CHILDREN and adults with physical disabilities and special needs have the same right to be fascinated by creativity as anyone else.

That is where Mark Hildred and his Apollo Creative company, based in Knaresborough, come in.

Mark has been working on interactive technology for 13 years and the company grew out of his interest in helping people with physical disabilities to access music and sounds.

They are fascinating creations, often consisting of sensors and switches translating detection of movement into sprays of fibre optic light, sound, music, image and video. For instance… You are in a relaxing room softly washed with green light. Around you are the sounds of the jungle. In the corner a column of water slowly changes colour.
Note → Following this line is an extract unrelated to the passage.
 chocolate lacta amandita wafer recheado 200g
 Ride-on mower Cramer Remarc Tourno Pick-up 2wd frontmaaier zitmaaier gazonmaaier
Rising air bubbles in a tube calm and balm.

You reach for a brightly coloured switch and press it, triggering a thunderstorm – a short flash of light followed by the rumble of thunder. The lights dim and a fan cools the air as the sound of rain fills the room.

The technology has uses beyond sensory stimulation – in the theatre, in interactive museum displays or even the classroom.

Mark is passionate about passing on the excitement of total creation to school pupils and college and university students who visit his factory, part of GSPK Design on the Knaresborough Technology Park in Manse Lane.

It is why he has entered Apollo Creative in both the Best Employer And Education Link and Best link With Higher Education categories in The Press Business Awards 2010.

Since last September Mark has been working as a business mentor on the new Creative and Media and IT diplomas at both Manor School, York, and Wilberforce College, Hull. It followed an Inside The Workplace event for teachers held with parent company GDPK Design last July.

It meant visits by year ten Manor School students to Apollo Creative’s factory where they could apply some of the skills they were learning.

Apollo also sought the help of students taking an A-level Design Technology course at York College to develop future ideas, some of them using 3-D computer-aided drawings.

Meanwhile, Mark regularly lectures at the University of Hull, Scarborough campus, as part of the BA Creative Music Technology course.

An Innovation in Student Learning grant led to 15 students creating an interactive display for Scarborough’s Rotunda Museum, with Apollo giving a series of lectures, providing a mentoring role and helping to judge the results.

From October Apollo begins work with the Department of Electronics at the University of York as part of the BSc Music Technology course.

Mark said: “We have a unique role in the creative industries. Many students are interested in working in music, sound or video and Apollo integrates all that in an interesting outlet.”